--- /dev/null
+Title: No more "Hash Sum Mismatch" errors
+Slug: no-more-hash-sum-mismatch-errors
+Date: 2016-04-08 15:06:03 +01:00
+Category: launchpad
+Tags: launchpad, ubuntu, planet-debian, planet-ubuntu
+
+The Debian repository format was designed a long time ago. The oldest
+versions of it were produced with the help of tools such as
+`dpkg-scanpackages` and consumed by `dselect` access methods such as
+`dpkg-ftp`. The access methods just fetched a `Packages` file (perhaps
+compressed) and used it as an index of which packages were available; each
+package had an MD5 checksum to defend against transport errors, but being
+from a more innocent age there was no repository signing or other protection
+against man-in-the-middle attacks.
+
+An important and intentional feature of the early format was that, apart
+from the top-level `Packages` file, all other files were *static* in the
+sense that, once published, their content would never change without also
+changing the file name. This means that repositories can be efficiently
+copied around using `rsync` without having to tell it to re-checksum all
+files, and it avoids network races when fetching updates: the repository
+you're updating from might change in the middle of your update, but as long
+as the repository maintenance software keeps superseded packages around for
+a suitable grace period, you'll still be able to fetch them.
+
+The repository format evolved rather organically over time as different
+needs arose, by what one might call distributed consensus among the
+maintainers of the various client tools that consumed it. Of course all
+sorts of fields were added to the index files themselves, which have an
+extensible format so that this kind of thing is usually easy to do. At some
+point a `Sources` index for source packages was added, which worked pretty
+much the same way as `Packages` except for having a different set of fields.

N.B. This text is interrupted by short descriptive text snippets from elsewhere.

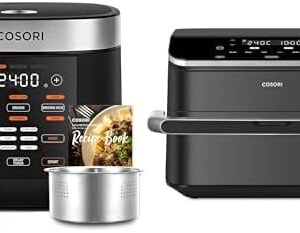 COSORI Rice Cooker, Multi Cooker with 17 Programmes, Rice Cooker 1.8 L & COSORI Hot Air Fryer TwinFry 10 L Airfryer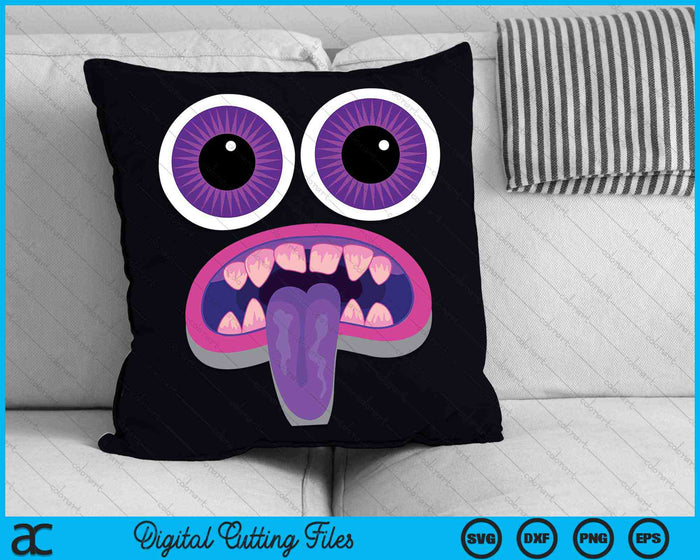 Purple Monster Face Halloween Costume SVG PNG Digital Cutting Files Purple Monster Face Halloween Costume SVG PNG Digital Cutting Files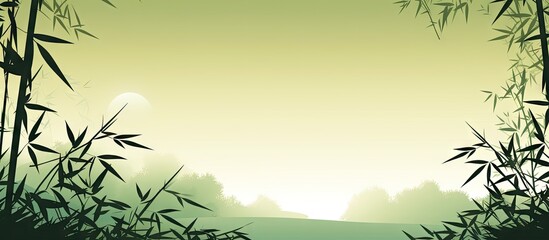 Bamboo Tree with Sun Background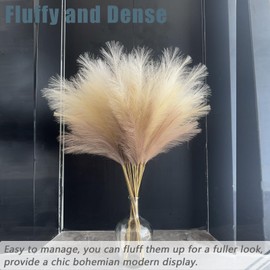 Wttisel 38" 10 Stems Faux Pampas Grass Decor - Tall Pampas Grass for Floor Vase Fluffy Artificial Pampas Grass for Boho Home Wedding Mothers Day Decoration（Beige Mixed）
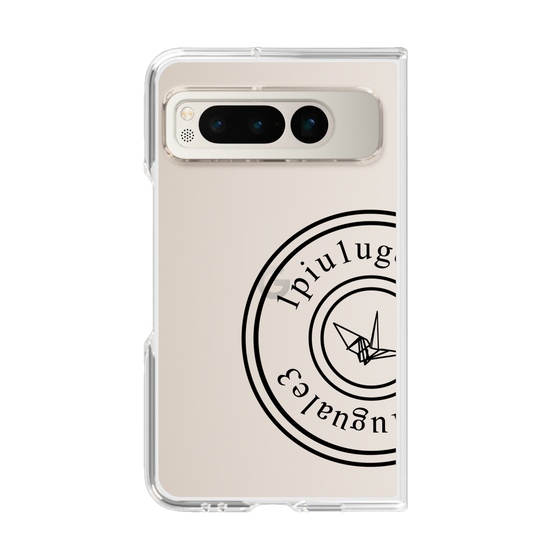 Clear Case for Google Pixel Fold［ 1PIU1UGUALE3 - crane - Black ］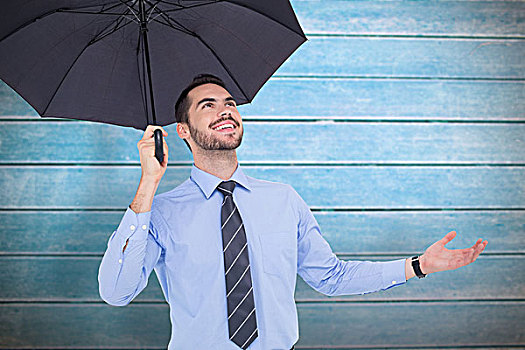 高兴,商务人士,遮蔽,黑色,伞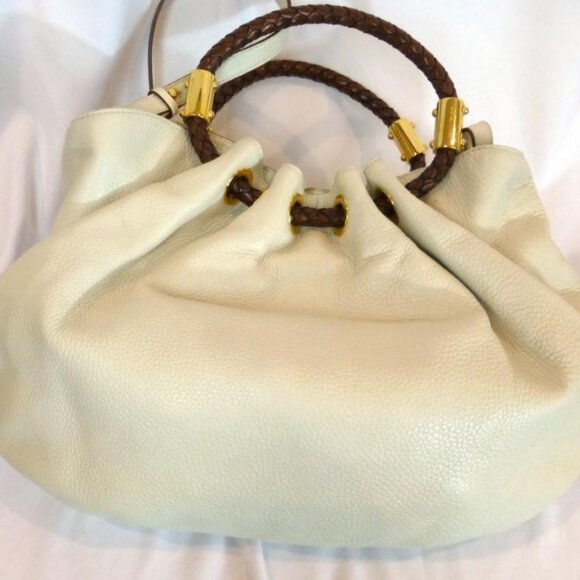 MICHAEL KORS Skorpios Handbag Purse Pebbled Leather Braided Leather Handles-New! - Picture 6 of 12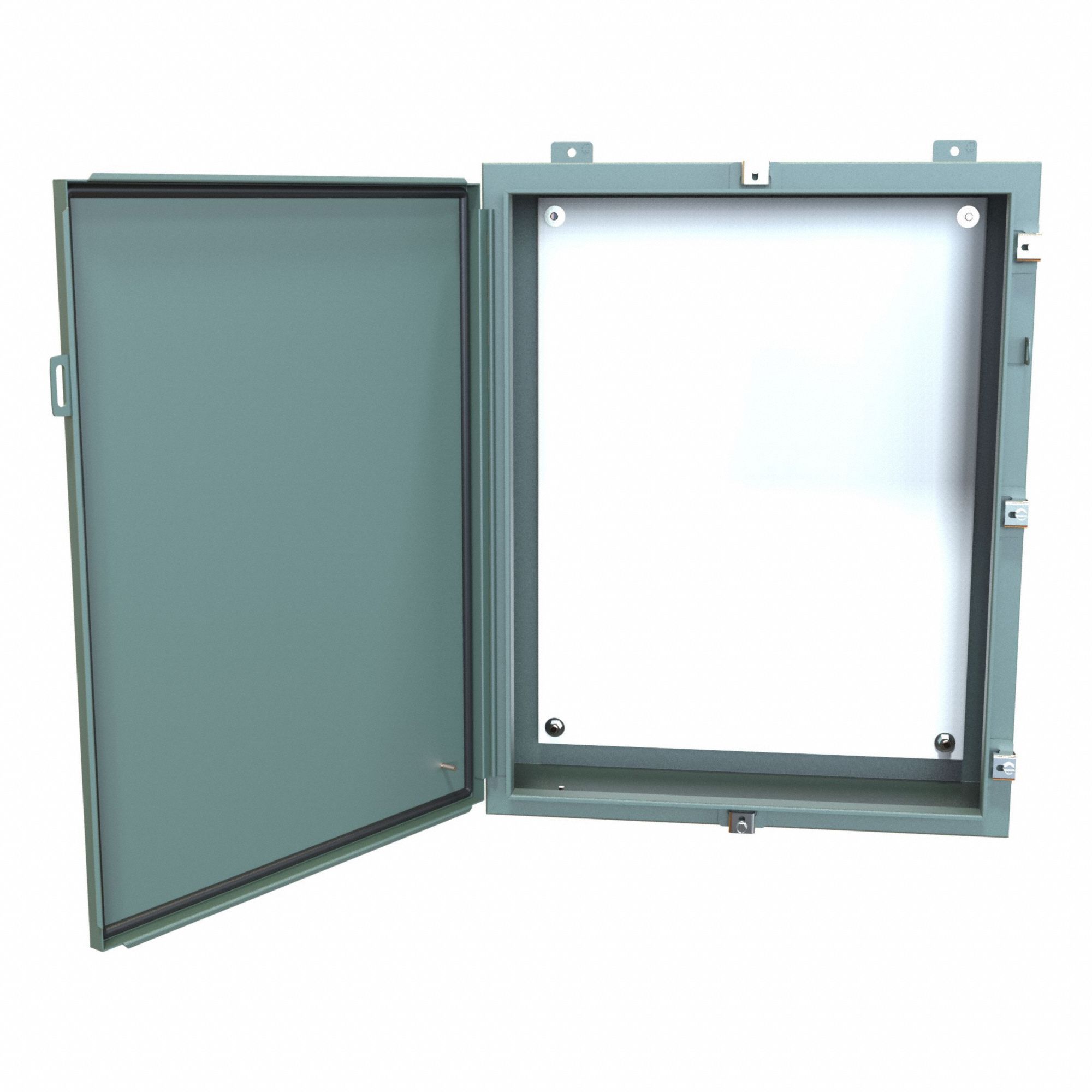 Electrical Enclosure: Steel, 30 in x 24 in x 8 in, NEMA 12/13/3R/4, w/Panel, Solid Cover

+But by far the most significant change to the repository structure was the
+"package pools" project.
+
+The original repository layout put the packages themselves under the
+`dists/` tree along with the index files. The `dists/` tree is organised by
+"suite" (modern examples of which would be "stable", "stable-updates",
+"testing", "unstable", "xenial", "xenial-updates", and so on). This meant
+that making a release of Debian tended to involve copying lots of data
+around, and implementing the "testing" suite would have been very costly.
+Package pools solved this problem by moving individual package files out of
+`dists/` and into a new `pool/` tree, allowing those files to be shared
+between multiple suites with only a negligible cost in disk space and mirror
+bandwidth. From a database design perspective this is obviously much more
+sensible. As part of this project, the original Debian "dinstall"
+repository maintenance scripts were
+[replaced](https://lists.debian.org/debian-devel-announce/2000/10/msg00007.html)
+by "da-katie" or "dak", which among other things used a new `apt-ftparchive`
+program to build the index files; this replaced `dpkg-scanpackages` and
+`dpkg-scansources`, and included its own database cache which made a big
+difference to performance at the scale of a distribution.
+
+A few months after the initial implementation of package pools, `Release`
+files were added. These formed a sort of meta-index for each suite, telling
+APT which index files were available (`main/binary-i386/Packages`,
+`non-free/source/Sources`, and so on) and what their checksums were.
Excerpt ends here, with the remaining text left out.